During the past two years, the majority of companies making financial restatements have used stealth disclosures to avoid the far-more transparent Form 8-K that signals accounting errors to investors and affects market reactions to company stock, according to a new study published by the American Accounting Association.
That’s especially pertinent because the more that top executives’ pay is linked to company stock prices, the more these, shall we say, murky disclosures are used, according to The Association between Executive Pay Structure and the Transparency of Restatement Disclosures, written by professors Brian Hogan of the University of Pittsburgh and Gregory Jonas of Case Western Reserve University.
The study, which appears in the September issue of the journal Accounting Horizons, examined 1,178 corporate restatements issued from August 2004 to December 2013.
“By avoiding the high-transparency disclosure of restatements, executives can attempt to soften the effect of negative market reaction on company stock, provide more time to manage stock sales to their advantage, reduce the risk of being terminated, and minimize damage to their reputations,” the professors state.
Yet, there are undertones of C-suite conflicts, too. Prior studies indicate that CFOs more often face job loss and “labor market penalties” than CEOs do, the report states.

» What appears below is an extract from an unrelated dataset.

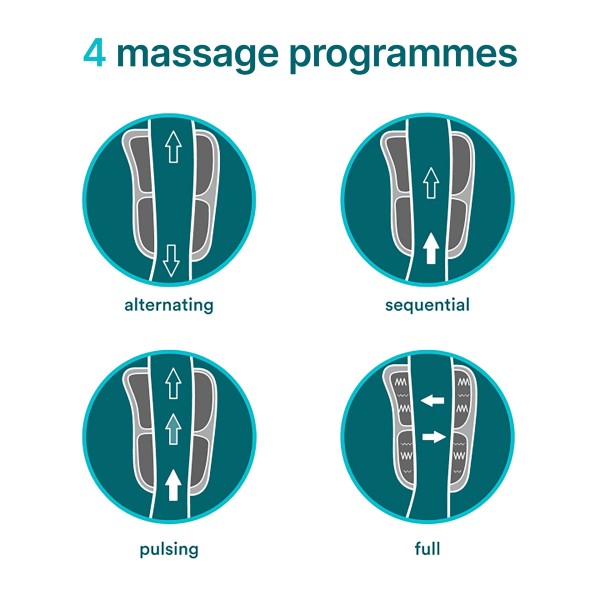 Homedics Modulair SR-CMK10H Μανσέτα Για Πιεσοθεραπεία Γονάτου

“With greater equity rewards at stake, CEOs may be more willing to take the risk of a low-transparency restatement disclosure,” the professors state. “Conversely, CFOs, having relatively less equity-based pay and the risk of more severe penalties, may be less willing.”
Thus, as the difference between the pay of CEOs and CFOs increases, so does the likelihood of a high-transparency restatement disclosure, such as an 8-K filing with the US Securities and Exchange Commission (SEC).
The professors don’t let regulators and stakeholders off the hook, either.
“By maintaining a presumption of innocence and appearance of forthright reporting, executives might reasonably expect to mitigate the likelihood and magnitude of SEC enforcement actions, as well as position themselves more favorably to defend against lawsuits,” they state. “However, our results suggest that executives with a higher proportion of equity-based pay are less likely to choose a high-transparency restatement disclosure.”
So, either penalties aren’t severe enough or are too infrequent to deter low-transparency restatement disclosures, they conclude. The professors believe there was less ambiguity in the SEC’s original intention more than a decade ago to require 8-Ks for restatements. Now, restatements can be disclosed in “less obvious” ways, depending on the judgment of companies and their auditors.
Their advice? Investors should check proxy statements and the pay difference between the CEOs and CFOs.